→ **TASK**:
Your copy should match the records exactly, except that it contains no pictures.

^^^^^^^^^^^^^^^^

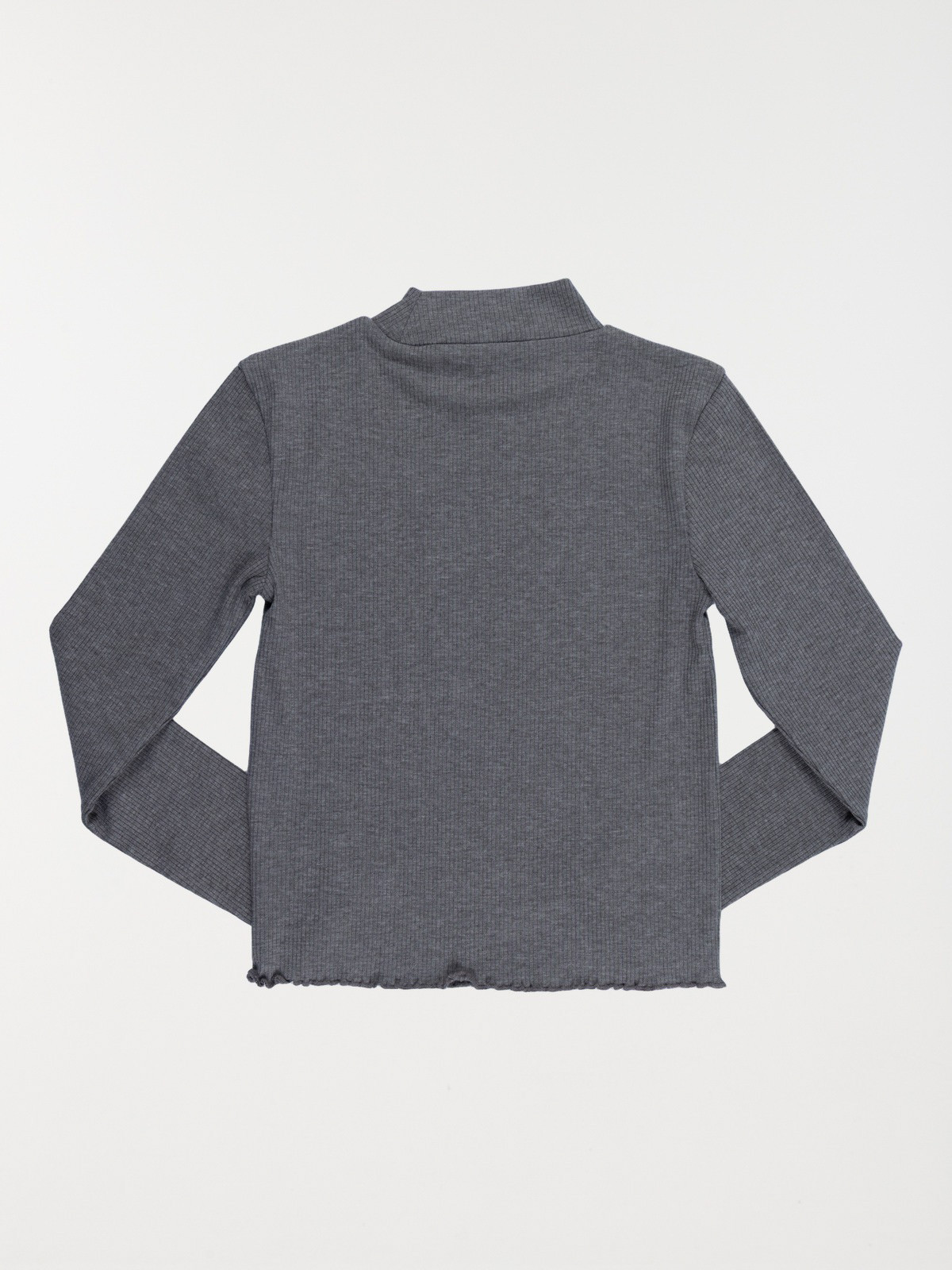 T-shirt col montant uni fille (3-12A) T-shirt col montant uni fille (3-12A)
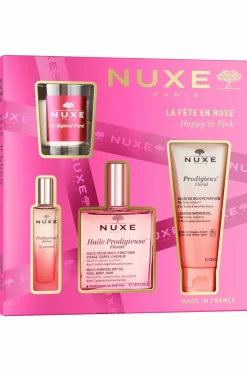 Coffret Noël parfum Le Prodigieux Floral avec l’huile prodigieuse 100ml avec une bougie offerte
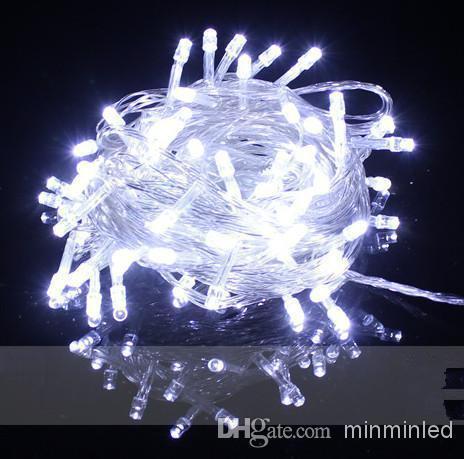 30PCS/lots 100 LED 10M LED String Light led Christmas/Wedding/Party Decoration Lights AC 110V 220V 1pc/lot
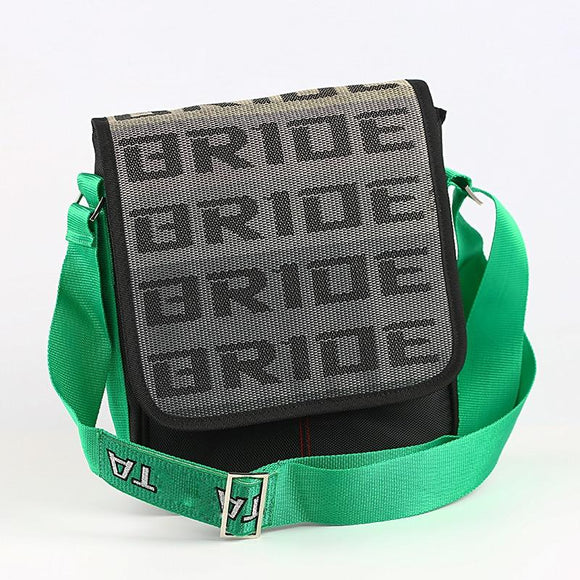 JDM Crossbody Bag Racing School Travel Bag Handbag Seat Belt Drift Straps File Ipad Laptop Bag Car Auto Case For BRIDD TTAKATA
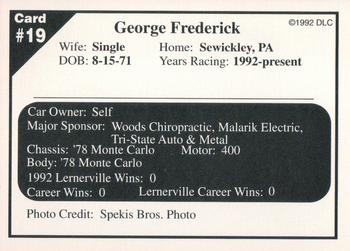 1992 Donny's Lernerville Speedway Part 2 #19 George Frederick Back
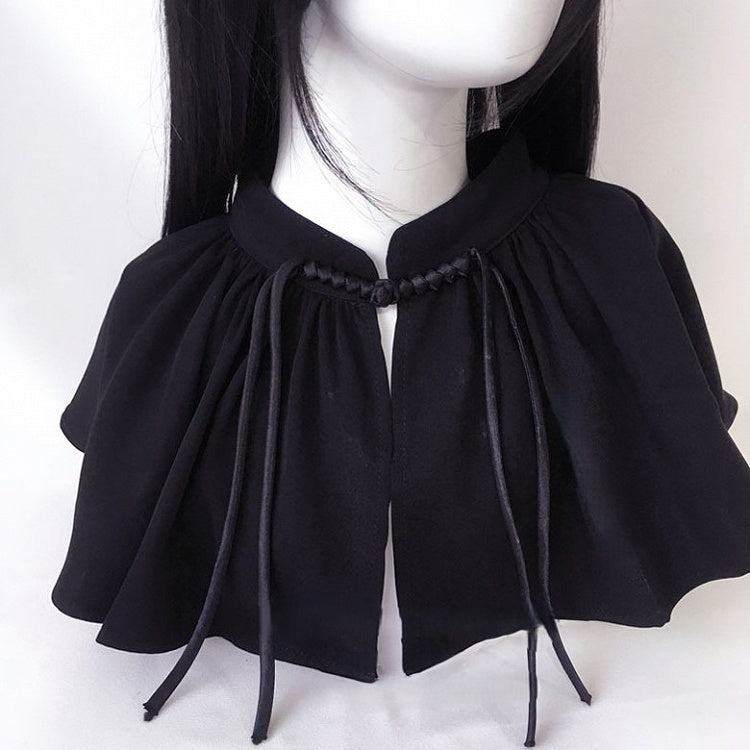 Shawl Black/White Gothic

^^^^^^^^^^^^^^^^

→ **OUTPUT OF THE TASK**:
 T-shirt col montant uni fille (3-12A) T-shirt col montant uni fille (3-12A)
 Coffret Noël parfum Le Prodigieux Floral avec l’huile prodigieuse 100ml avec une bougie offerte
 30PCS/lots 100 LED 10M LED String Light led Christmas/Wedding/Party Decoration Lights AC 110V 220V 1pc/lot
 JDM Crossbody Bag Racing School Travel Bag Handbag Seat Belt Drift Straps File Ipad Laptop Bag Car Auto Case For BRIDD TTAKATA
 1992 Donny's Lernerville Speedway Part 2 #19 George Frederick Back
 Shawl Black/White Gothic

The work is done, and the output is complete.